Le deuxième jour de Pessa‘h – 16 nissan – nous entamons le décompte des quarante-neuf jours du ‘omèr, aboutissant à Chavou‘oth.
Cette supputation nous a été enjointe par Hachem (Wayiqra 23, 15) : « Vous compterez pour vous – du lendemain de la fête, du jour où vous aurez apporté le ‘omèr du balancement – sept semaines ; elles seront complètes. »
Expliquant les motifs des commandements et leurs modalités d’application, le Séfèr ha-‘Hinoukh commente ainsi cette mitswa : Le principe vital d’Israël est la Tora, en vue de laquelle ont été créés le ciel, la terre, et Israël lui-même, comme Dieu l’a attesté (Yirmeya 33, 25). Telle est la raison pour laquelle il a été délivré de l’Egypte ; afin d’accepter la Tora au mont Sinaï et d’observer ses commandements, comme Hachem l’a signifié à Moché au Buisson ardent (Chemoth 3, 12) : « Quand tu feras sortir le peuple de l’Egypte, vous servirez Dieu sur cette montagne. »
La Tora étant le principe vital en vertu duquel nous sommes devenus Son peuple, il nous est enjoint, dès le lendemain de Pessa’h – jour de notre libération de l’esclavage, et par là même, de notre « naissance » nationale – de compter les jours et les semaines nous menant à Chavou‘oth, anniversaire du don de la Tora. Ces sept semaines représentent donc la période de notre « maturation », depuis notre émergence jusqu’à notre engagement à respecter l’alliance qui a conditionné notre existence.
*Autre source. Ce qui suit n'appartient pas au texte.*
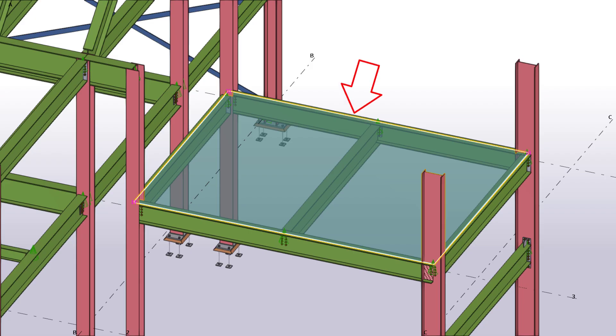Construction planes are transparent modeling aids that are not shown or printed in drawings. You can place them in the model to help position other objects more easily.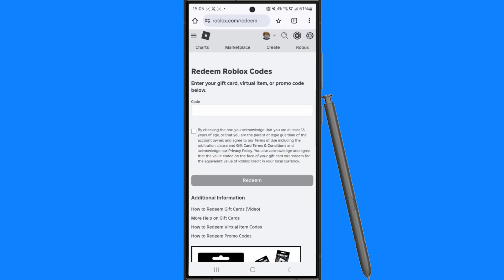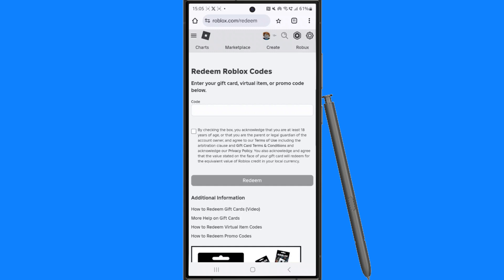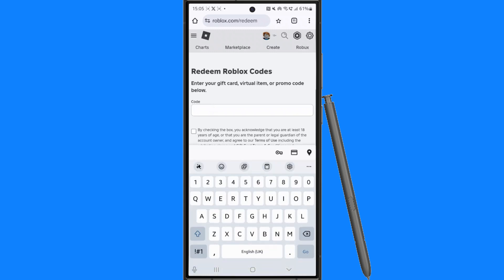But once you are on this page after logging in, you want to enter in your virtual item code into the code box right here. And then once you enter in this, you will need to check this box to acknowledge that you are at least 18 years of age, a parent or a guardian of the person that is redeeming the virtual item.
Autrement dit, cette époque nous a permis de passer de l’enfance à l’âge adulte.
En hébreu, le mot gadol désigne le « grand », mais aussi la personne « majeure », désormais capable d’organiser sa vie avec constance et cohérence. Gadol est issu de gad, qui dénote la continuité. En cela, il s’oppose au qatan – « petit » – dérivé de qat, connotant la qit‘iyouth, la « fragmentation » et la discontinuité.
La vulnérabilité de l’enfant ne réside pas tant dans l’immaturité intellectuelle ou rationnelle que dans l’incapacité à la persistance dans les actes et pensées, dans les humeurs et l’aptitude décisionnelle. A l’inverse, l’adulte s’attache à imprimer une stabilité à sa vie et une cohérence à ses actes, pour leur conférer une consistance et une valeur. Car un acte louable, mais isolé et sans lendemain, ne compte guère, et les grandes décisions restées sans suite ne résistent pas à l’érosion du temps.
Etre gadol, c’est donc être capable d’unifier et d’harmoniser tous les instants de notre vie, et de les faire fusionner en authentiques réalisations, en une expérience cohérente et édifiante.
De même le fait de « compter » revient-il à transformer des chiffres en un nombre, à « souder » des unités distinctes en un même faisceau. En « comptant » les jours du ‘omèr, nous les plaçons dans une même progression menant au but exclusif de notre naissance, et sur laquelle nous acquérons la maturité nécessaire pour accepter dûment la Tora.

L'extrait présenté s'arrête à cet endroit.